On The Specifics Deriving The Equation Of Ellipse

Question

I am trying to learn how to derive the equation of an ellipse, from this website (https://people.richland.edu/james/lecture/m116/conics/elldef.html). I am struggling, however, to prove to myself why d1 + d2 = 2a (see the diagram).

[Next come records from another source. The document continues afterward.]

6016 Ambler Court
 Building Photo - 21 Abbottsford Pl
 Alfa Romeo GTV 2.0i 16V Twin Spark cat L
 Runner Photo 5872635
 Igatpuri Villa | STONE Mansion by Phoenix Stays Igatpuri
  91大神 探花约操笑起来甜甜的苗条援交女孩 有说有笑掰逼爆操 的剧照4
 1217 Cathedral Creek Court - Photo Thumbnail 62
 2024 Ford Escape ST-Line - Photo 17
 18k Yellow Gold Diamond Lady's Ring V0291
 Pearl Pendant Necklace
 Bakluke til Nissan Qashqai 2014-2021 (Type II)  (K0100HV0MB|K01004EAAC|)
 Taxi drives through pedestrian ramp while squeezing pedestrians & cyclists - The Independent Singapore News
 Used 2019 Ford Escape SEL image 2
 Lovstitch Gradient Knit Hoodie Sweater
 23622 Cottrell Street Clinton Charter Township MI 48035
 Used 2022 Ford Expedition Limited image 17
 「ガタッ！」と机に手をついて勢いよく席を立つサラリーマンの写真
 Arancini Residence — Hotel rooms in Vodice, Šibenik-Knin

I get that when you stretch the "rope" against the major axis, you will see that d1 is equal to the length -c-(-a). But I'm struggling to prove that the same will occur when you stretch the rope on the other side of the ellipse, the side with positive c and a values. I get that by definition, the ellipse has to be symmetrical. But I want to prove that how constructing the ellipse using the "rope" would force the ellipse to be symmetrical. Can someone please show me how to do this?

Answer 1

We have that $$d_1+d_2=2a$$ is an assumption for the definition of the ellipse and from that by Pythagorean theorem we find the cartesian equation.

Answer 2

If you consider the vertex on the left, then: $$ d_1=-c-(-a)=a-c \quad\text{and}\quad d_2=c-(-a)=a+c. $$ If you consider the vertex on the right, then: $$ d_1=a-(-c)=a+c \quad\text{and}\quad d_2=a-c. $$ In both cases, $d_1+d_2=2a$.

To prove the symmetry, consider any point $P$ on the ellipse and the other three points obtained by reflecting $P$ about $x$ axis, $y$ axis and origin. You can immediately verify that $d_1+d_2$ is the same for those three points as for $P$, hence those three points also belong to the ellipse.